Giulia Fasano, quinta relatrice proveniente dall’Università di Salamanca ci parla attraverso la descrizione del Canto XV, del viaggio del poeta nel girone dei sodomiti e del suo incontro con l’amato maestro Brunetto Latini e torna ad evidenziare come nella Commedia i versi siano musica fatta con le parole, come il suono anche onomatopeico sia destinato non solo a descrivere ma anche a suscitare emozioni, sensazioni quasi sinestesiche, per concludere con il mettere in luce il preziosissimo messaggio di Dante che ci insegna che la cultura sia uno strumento del bene comune, qualcosa che a tutti appartiene e che da tutti debba essere salvaguardata perché è elemento di unione e pace, virtù che possono esistere solo laddove si trovi anche bellezza.
Daragh O’Connell dell’ University College of Cork sesta relatrice ci porta nel mondo delle Malebolge che troviamo nel Canto XVIII, evidenziando la superba creazione del poeta di un luogo infernale di pene eterne e pone l’attenzione sulle due doti principali della poesia dantesca, cioè “bellezza e bontade” rendendo manifesto come essa abbia una duplice azione virtuosa e benefica, la prima attraverso la forma e cioè appunto la bellezza dei versi che armonizzano il nostro rapporto con l’esistenza, la seconda attraverso la sostanza e cioè l’utilità di ciò che quei versi ci suggeriscono nel loro valore di guida. Ancora una volta quindi sottolineando come solo la bellezza e l’imparare a rapportarsi ad essa ci porti fuori dall’inferno esistenziale nel quale a volte l’uomo cade.
La settima e penultima relatrice è stata Corinna Salvadori Lonergan del Trinity College di Dublino, la quale ha con grande passione illustrato il Canto XXXIII relativo al Conte Ugolino e mostrando le similitudini e i parallelismi tra Ugolino e Dante, padri addolorati e dolorosi e alcuni capolavori della letteratura irlandese che a questo passo della Commedia si sono ispirati dovendo dare voce ai periodi più drammatici della storia dell’isola di smeraldo, legati a guerre e fame implacabile.

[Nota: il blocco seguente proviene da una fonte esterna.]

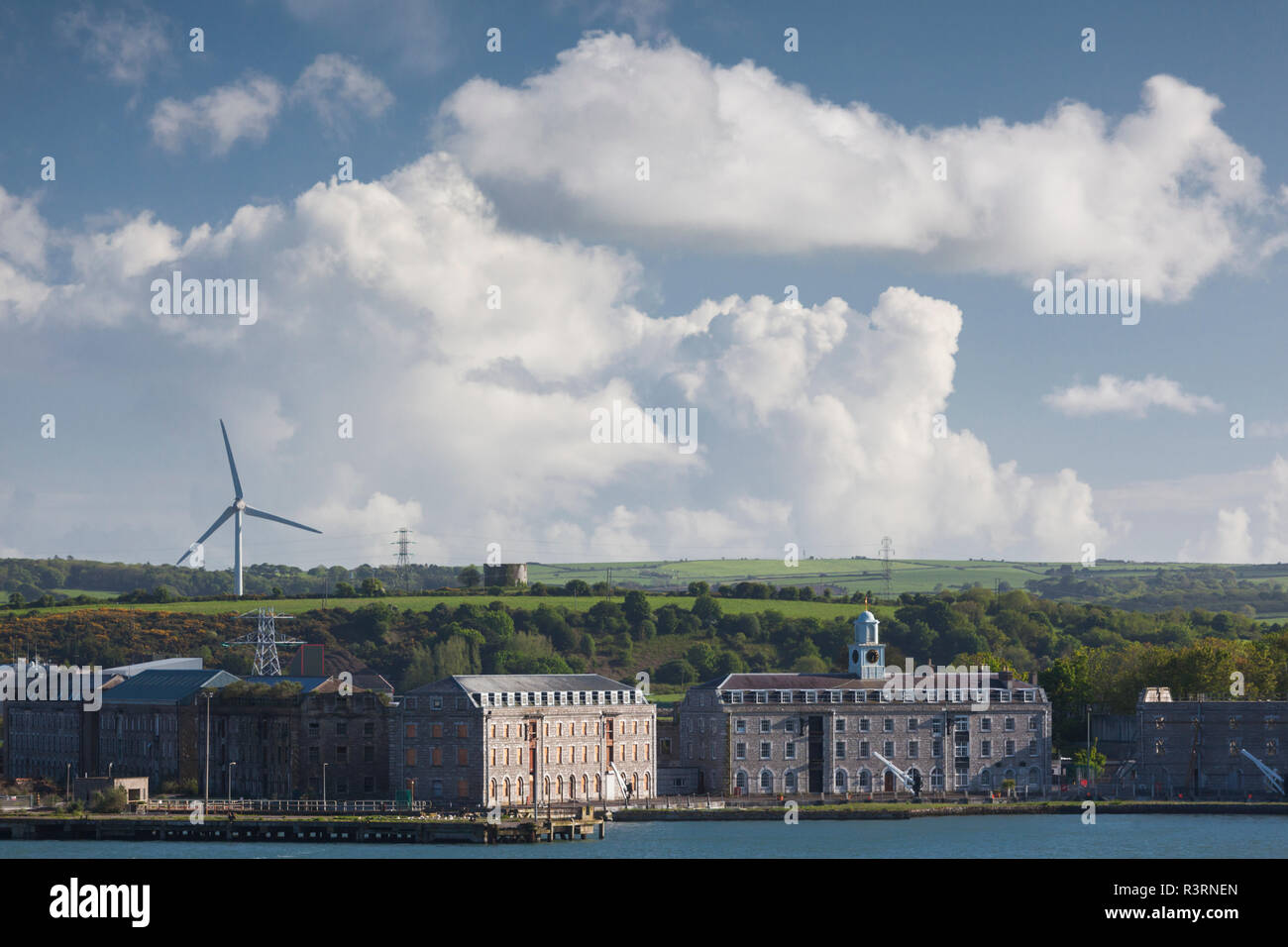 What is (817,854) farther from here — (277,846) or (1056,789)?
(1056,789)

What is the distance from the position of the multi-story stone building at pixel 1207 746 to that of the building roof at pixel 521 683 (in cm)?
3639

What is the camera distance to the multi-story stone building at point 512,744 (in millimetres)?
124312

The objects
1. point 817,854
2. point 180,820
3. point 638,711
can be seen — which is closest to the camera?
point 817,854

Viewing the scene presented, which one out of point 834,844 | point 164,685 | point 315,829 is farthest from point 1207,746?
point 164,685

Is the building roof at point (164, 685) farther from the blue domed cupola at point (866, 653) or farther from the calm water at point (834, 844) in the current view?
the blue domed cupola at point (866, 653)

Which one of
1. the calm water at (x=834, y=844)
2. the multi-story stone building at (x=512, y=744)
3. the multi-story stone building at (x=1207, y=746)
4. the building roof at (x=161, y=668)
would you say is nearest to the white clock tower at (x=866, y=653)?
the multi-story stone building at (x=1207, y=746)

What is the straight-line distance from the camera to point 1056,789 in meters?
140

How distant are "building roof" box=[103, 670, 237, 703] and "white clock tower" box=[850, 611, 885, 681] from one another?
43563 mm

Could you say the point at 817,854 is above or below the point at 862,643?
below

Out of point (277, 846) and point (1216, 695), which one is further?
point (1216, 695)

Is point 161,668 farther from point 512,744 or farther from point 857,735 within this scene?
point 857,735

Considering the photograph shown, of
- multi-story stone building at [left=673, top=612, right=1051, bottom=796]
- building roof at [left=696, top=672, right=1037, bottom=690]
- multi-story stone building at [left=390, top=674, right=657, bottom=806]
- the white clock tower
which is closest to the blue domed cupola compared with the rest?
the white clock tower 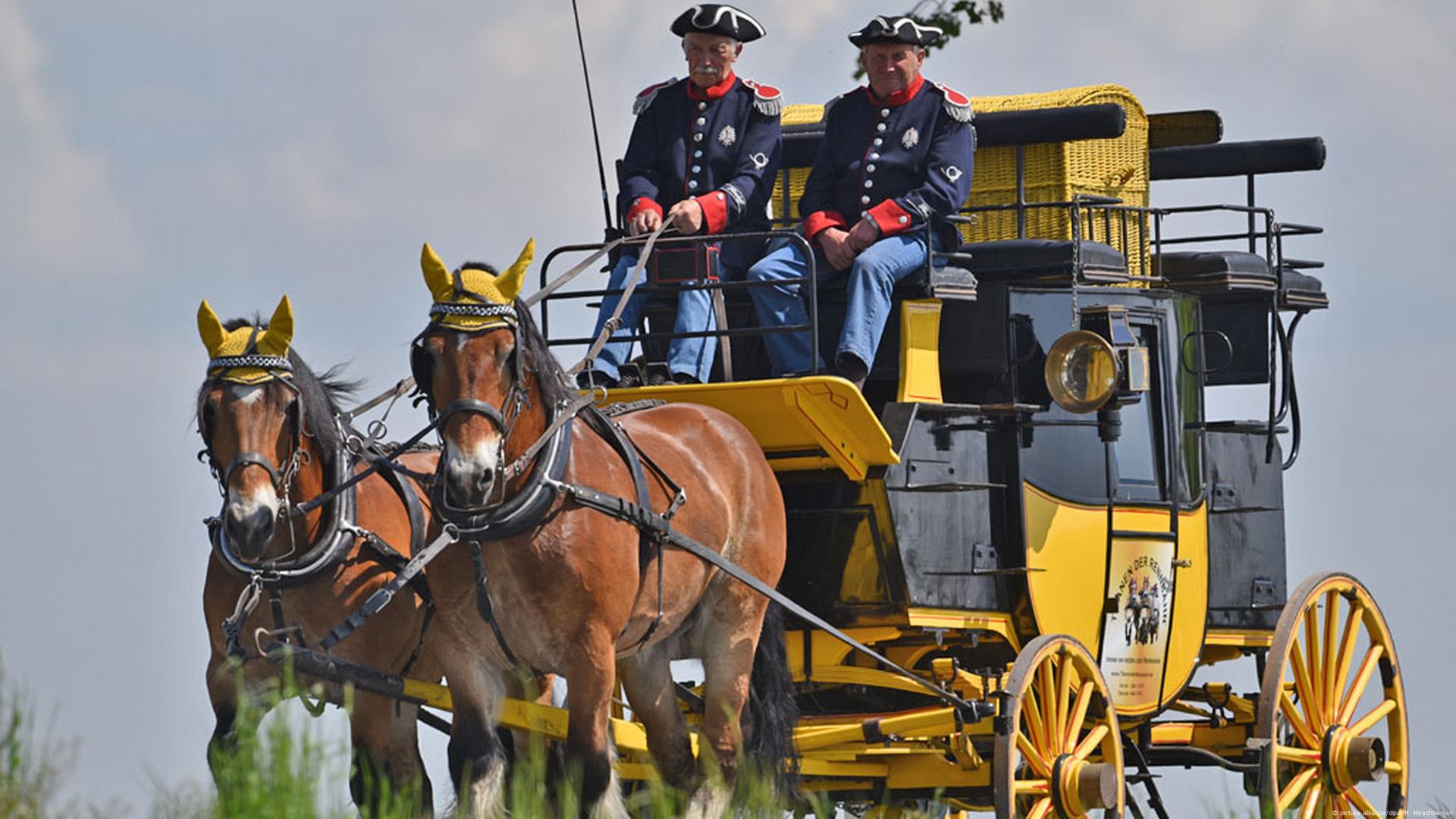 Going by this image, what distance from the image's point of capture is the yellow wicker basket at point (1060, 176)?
9.91 metres

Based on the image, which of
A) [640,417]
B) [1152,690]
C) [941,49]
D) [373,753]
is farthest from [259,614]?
[941,49]

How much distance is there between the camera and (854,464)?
8062 millimetres

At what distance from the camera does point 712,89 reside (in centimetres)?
896

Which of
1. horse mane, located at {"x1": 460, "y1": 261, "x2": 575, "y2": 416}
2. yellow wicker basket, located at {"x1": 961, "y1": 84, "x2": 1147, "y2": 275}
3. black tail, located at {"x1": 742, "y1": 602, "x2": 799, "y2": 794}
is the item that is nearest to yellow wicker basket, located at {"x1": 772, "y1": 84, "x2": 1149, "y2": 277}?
yellow wicker basket, located at {"x1": 961, "y1": 84, "x2": 1147, "y2": 275}

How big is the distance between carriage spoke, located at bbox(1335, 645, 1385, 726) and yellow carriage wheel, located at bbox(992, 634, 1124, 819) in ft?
6.03

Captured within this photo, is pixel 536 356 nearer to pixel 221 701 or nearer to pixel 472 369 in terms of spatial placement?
pixel 472 369

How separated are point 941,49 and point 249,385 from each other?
7.31 m

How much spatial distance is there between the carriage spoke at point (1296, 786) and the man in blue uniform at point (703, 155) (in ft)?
9.77

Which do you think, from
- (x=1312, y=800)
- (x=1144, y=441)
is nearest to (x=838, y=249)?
(x=1144, y=441)

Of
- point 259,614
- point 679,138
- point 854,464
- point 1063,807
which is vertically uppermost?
point 679,138

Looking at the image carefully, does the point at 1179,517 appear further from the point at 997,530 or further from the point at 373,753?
the point at 373,753

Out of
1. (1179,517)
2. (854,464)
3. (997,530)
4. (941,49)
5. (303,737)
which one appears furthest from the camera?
(941,49)

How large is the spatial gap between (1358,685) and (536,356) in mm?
4901

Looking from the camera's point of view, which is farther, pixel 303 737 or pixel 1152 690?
pixel 1152 690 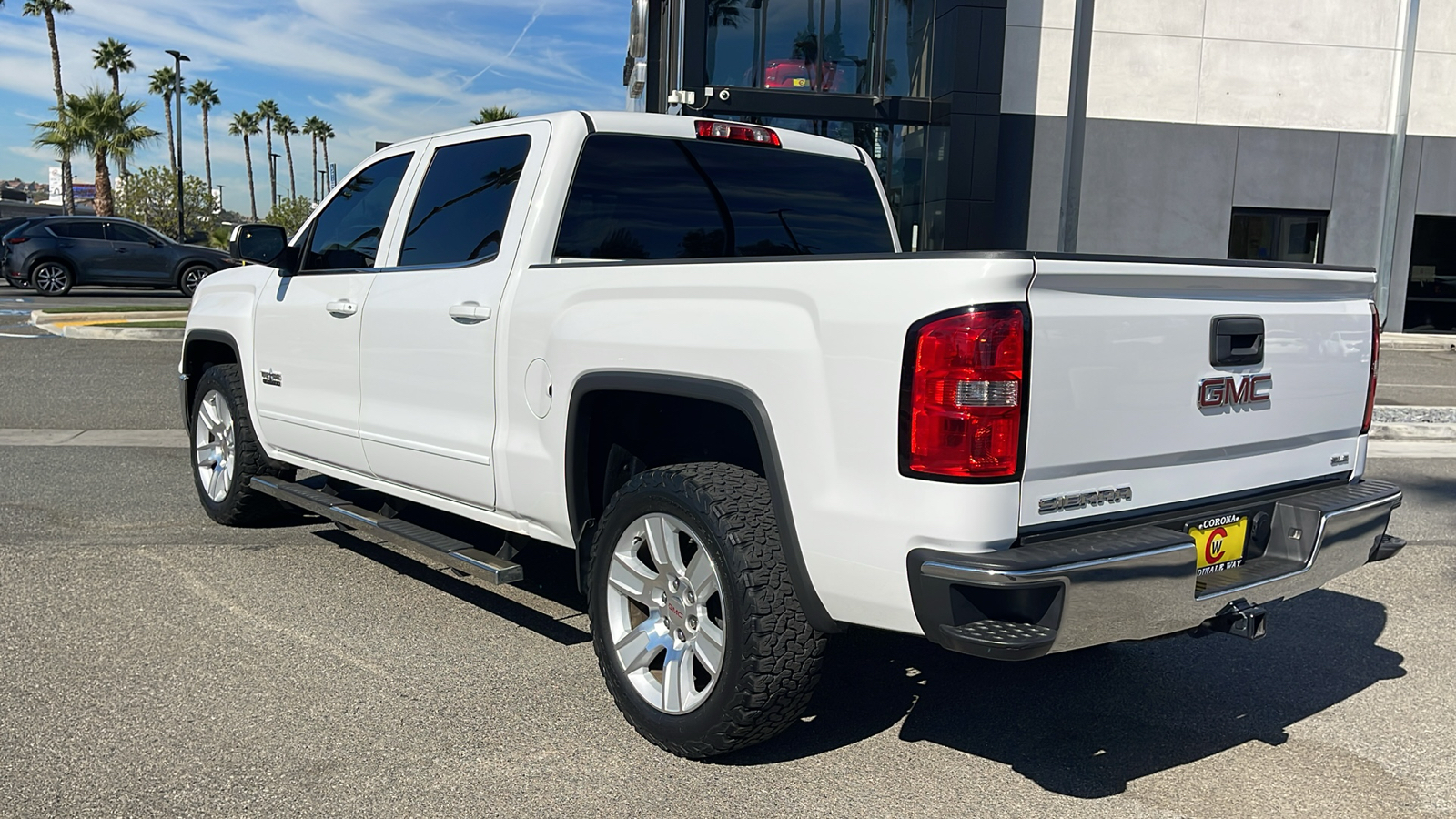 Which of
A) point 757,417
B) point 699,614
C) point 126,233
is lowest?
point 699,614

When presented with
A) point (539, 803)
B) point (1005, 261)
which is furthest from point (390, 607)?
point (1005, 261)

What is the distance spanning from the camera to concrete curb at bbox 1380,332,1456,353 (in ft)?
66.9

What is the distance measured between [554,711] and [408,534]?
1.06 meters

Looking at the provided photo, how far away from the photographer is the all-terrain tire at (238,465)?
5.93 meters

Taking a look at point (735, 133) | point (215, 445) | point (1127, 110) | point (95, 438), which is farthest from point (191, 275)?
point (735, 133)

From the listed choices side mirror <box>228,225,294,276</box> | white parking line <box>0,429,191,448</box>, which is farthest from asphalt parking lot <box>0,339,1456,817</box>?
white parking line <box>0,429,191,448</box>

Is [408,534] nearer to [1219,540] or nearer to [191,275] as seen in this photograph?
[1219,540]

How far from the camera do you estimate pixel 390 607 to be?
4.93 metres

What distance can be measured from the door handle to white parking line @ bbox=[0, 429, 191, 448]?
5.31m

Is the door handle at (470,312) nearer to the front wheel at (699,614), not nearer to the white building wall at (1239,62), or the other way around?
the front wheel at (699,614)

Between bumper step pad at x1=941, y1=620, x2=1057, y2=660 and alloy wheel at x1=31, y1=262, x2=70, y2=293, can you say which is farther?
alloy wheel at x1=31, y1=262, x2=70, y2=293

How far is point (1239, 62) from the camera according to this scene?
21.1 metres

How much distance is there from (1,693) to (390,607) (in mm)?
1441

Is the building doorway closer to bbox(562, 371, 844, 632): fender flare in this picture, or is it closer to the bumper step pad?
bbox(562, 371, 844, 632): fender flare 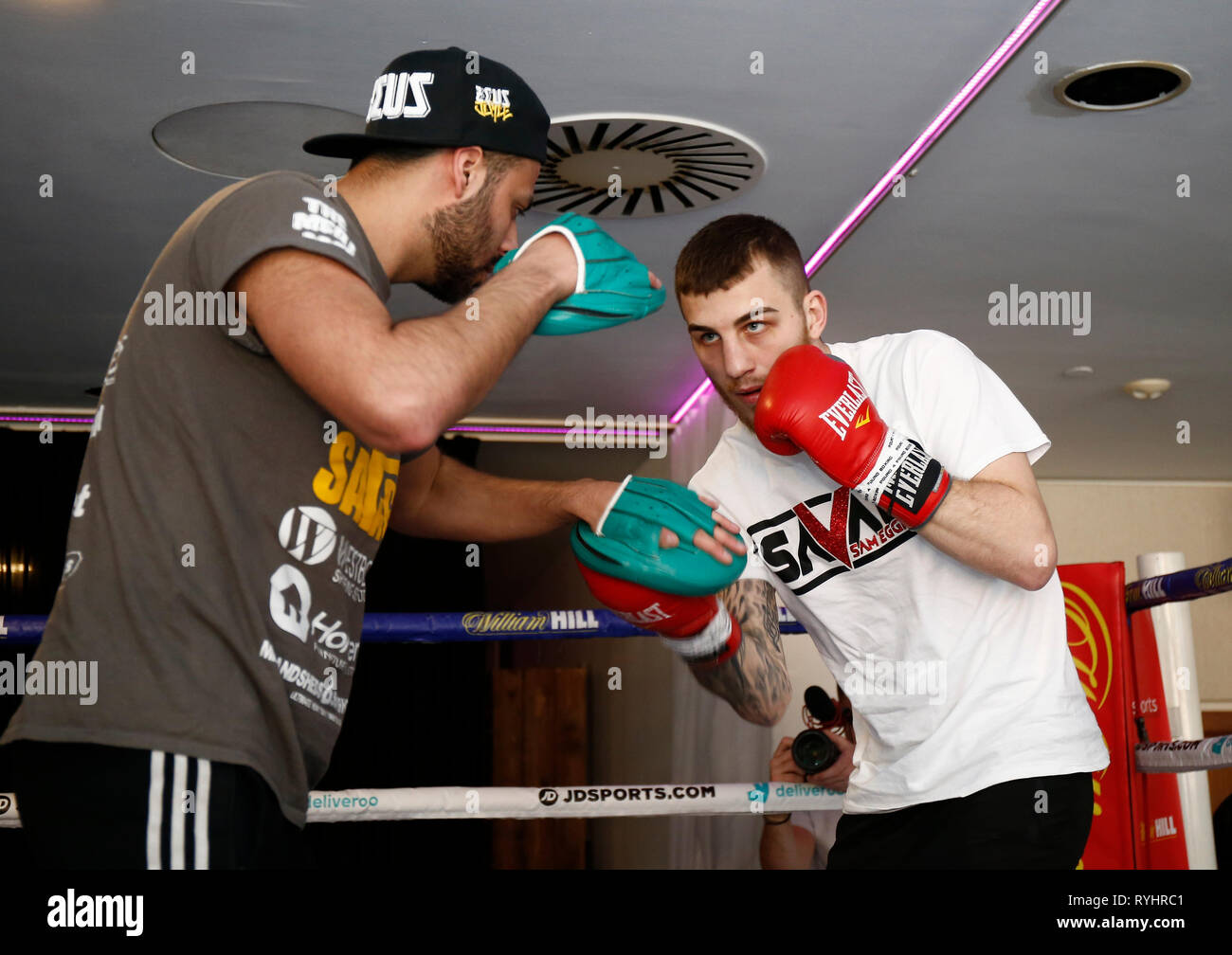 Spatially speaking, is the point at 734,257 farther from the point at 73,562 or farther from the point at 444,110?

Il convegno si è concluso con l’intervento di Carlo Ossola del Collège de France di Parigi, il quale ha sviluppato il suo intervento sul tema “Benigna mente presente” alludendo ovviamente ad un passo dell’opera dantesca e alla presenza dell’illustre ospite. Dopo aver analizzato alcune interpretazioni che da Dante prendono ispirazione relative alla letteratura francese, in particolare Baudelaire, entra nel vivo della sua esegesi cercando di dimostrare come la frase contenuta nel Canto V “Amor che nullo amato amar perdona” indichi l’impossibilità dell’amore di non essere ricambiato quando viene sinceramente donato. Il valore assoluto del bene come forza della natura che cura e redime forte della sua “benignità”, a cui l’uomo aspira per tutto il corso della sua vita terrena come nostalgia del soffio divino dal quale la sua vita ha avuto origine.
La straordinaria giornata si è quindi conclusa con l’attesissimo Canto VIII prima spiegato e poi recitato da Roberto Benigni, il canto di Filippo Argenti, bullo medievale bersaglio della vendetta letteraria dantesca, che Benigni interpreta con la genialità teatrale che gli è propria rendendo Dante vivo, attuale, attraente, umano, divino.
Segue standing ovation, applausi scroscianti e pubblico decisamente felice.